Saturday 24 May 2014

GODZILLA

(Gareth Edwards, 2014)

Though it does finally reveal itself to be a movie about an enormous dinosaur fighting with a pair of colossal monsters in the middle of a city, Godzilla is an uncommonly intelligent, even poetic movie about an enormous dinosaur fighting with a pair of colossal monsters in the middle of a city.
Director Edwards brought a sense of haunting stillness and surprising beauty to his low-budget debut, Monsters, and he manages to replicate some of that here too, despite the massive budget and epic scope of this undertaking. What is perhaps most impressive however, is the way he is able to stay true to some of the spirit of the many Japanese iterations of Godzilla while making a film which is decidedly his own. That isn't to say that this Godzilla is entirely satisfying. Instead, for all its accomplishment, it is an oddly flat film, told at a curious remove.

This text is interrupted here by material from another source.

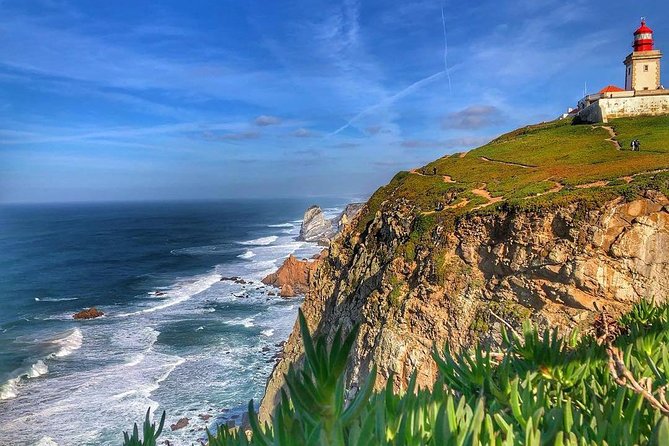 Sintra Cascais 4x4 Land Rover Photo Panoramic Private Tour - Discover Sintra’s Historic Palaces and Romantic Atmosphere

Edwards borrows a lot from Steven Spielberg, introducing his creatures in stages, hinting and teasing, giving us a series of glimpses of Godzilla long before we see him proper. There is a a great deal of exposition early on, and Edwards handles it well, skilfully introducing scientists Ken Watanabe and Sally Hawkins, part of an organisation devoted to tracking Godzilla. In the opening scene, they find something else; evidence of the emergence of a prehistoric giant creature which has come from deep underground in the Phillipines. That creature heads for the nearest source of Nuclear radiation , which happens to be a Japanese reactor. Its arrival there causes a meltdown, and is covered up by the Government. A decade later, Edwards introduces a family drama to add a little human interest. The family are whats left of the Brodys. After his wife (Juliette Binoche) dies in the meltdown, and executive at the plant (Bryan Cranston) becomes obsessed with uncovering the truth behind the cover-up. His son (Aaron Taylor-Johnson) is dragged into this when he travels back to Japan to get his Dad out of jail. Together they discover that the creature, named a MUTO by the organisation, has survived the meltdown and has been feeding on the radiation until, fully grown, it is ready to mate.

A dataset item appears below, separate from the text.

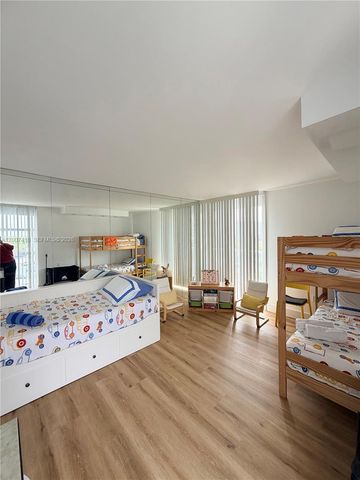 3701 N Country Club Dr 607, Aventura, FL 33180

It escapes a containment facility and heads across the Pacific towards a female MUTO somewhere in North America, creating havoc in Hawaii and summoning what the scientists believe is an alpha predator. Thus the scene is set as Godzilla sets about tracking and killing the two MUTOs while various human characters attempt to get out of his way or stop him entirely.
Those human characters are a definite weak point here. After the terrific early meltdown scene establishing the tragedy that defines the two Brody men, the stakes never seem quite so high. Instead the film seems to quietly work a theme of nature's absolute indifference to humanity, and it is as if the film itself shares some of that indifference. Edwards focuses, Terrence Malick style,  on insects in the background, dogs and wolves in Godzilla's path, the seagulls that cloud around him as he moves.

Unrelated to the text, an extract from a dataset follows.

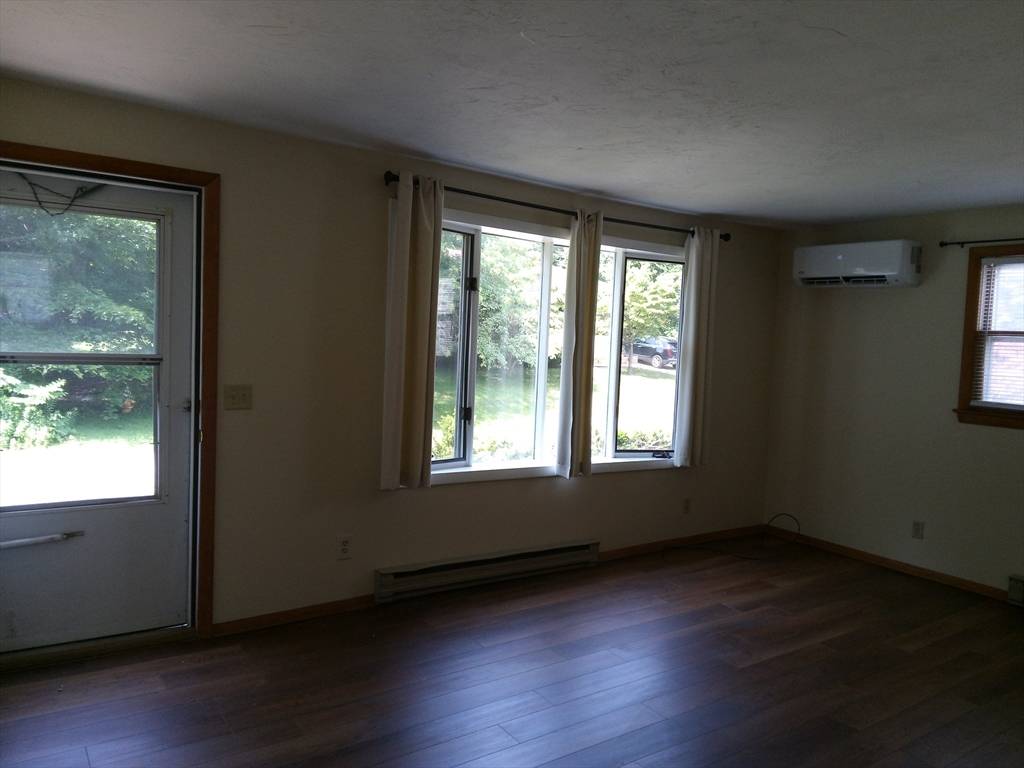 Worcester, MA 01606,24 Garrison Avenue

The people tend to stare dumbly at his enormity when he appears.
While the plot works overtime to allow Ford Brody to trail Godzilla across the pacific, he is never an interesting or compelling character. Part of that is down to Taylor-Johnson, a dull performer, but much of it is because the script gives him nothing but reactions to the situations he finds himself in. His wife (Elizabeth Olsen) is even less corporeal, a faint sketch of a character.
But Edwards still works some magic, engineering a handful of excellent set-pieces, imbuing some of them with that odd poetry he created in Monsters. The sequence where a squad of paratroopers HALO jump into a blacked-out San Francisco, trailing red smoke, is startlingly beautiful.
But soon after, the film focuses, as it must, on that enormous dinosaur, breathing blue flame at the two colossal monsters. And thats fine, and this is probably as good as any film about that could be, in one regard. But it is lacking something. For all that it is commendably devoted to shooting its monsters from a human-eye ground level, it seems to be lacking any humanity.